[PATCH v3 1/3] x86/irq: deal with old_cpu_mask for interrupts in movement in fixup_irqs()

Roger Pau Monne posted 3 patches 5 months, 2 weeks ago
[PATCH v3 1/3] x86/irq: deal with old_cpu_mask for interrupts in movement in fixup_irqs()
Posted by Roger Pau Monne 5 months, 2 weeks ago
Given the current logic it's possible for ->arch.old_cpu_mask to get out of
sync: if a CPU set in old_cpu_mask is offlined and then onlined
again without old_cpu_mask having been updated the data in the mask will no
longer be accurate, as when brought back online the CPU will no longer have
old_vector configured to handle the old interrupt source.

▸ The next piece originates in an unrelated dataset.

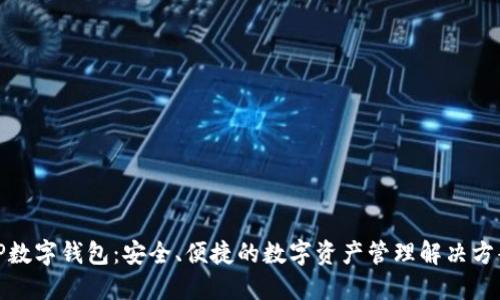 TP数字钱包：安全、便捷的数字资产管理解决方案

If there's an interrupt movement in progress, and the to be offlined CPU (which
is the call context) is in the old_cpu_mask clear it and update the mask, so it
doesn't contain stale data.

Note that when the system is going down fixup_irqs() will be called by
smp_send_stop() from CPU 0 with a mask with only CPU 0 on it, effectively
asking to move all interrupts to the current caller (CPU 0) which is the only
CPU to remain online.  In that case we don't care to migrate interrupts that
are in the process of being moved, as it's likely we won't be able to move all
interrupts to CPU 0 due to vector shortage anyway.

Signed-off-by: Roger Pau Monné <roger.pau@citrix.com>
---
Changes since v2:
 - Adjust commit message.
 - Add comment about excluding smp_send_stop() case.
 - Use cpu_online().
---
 xen/arch/x86/irq.c | 29 ++++++++++++++++++++++++++++-
 1 file changed, 28 insertions(+), 1 deletion(-)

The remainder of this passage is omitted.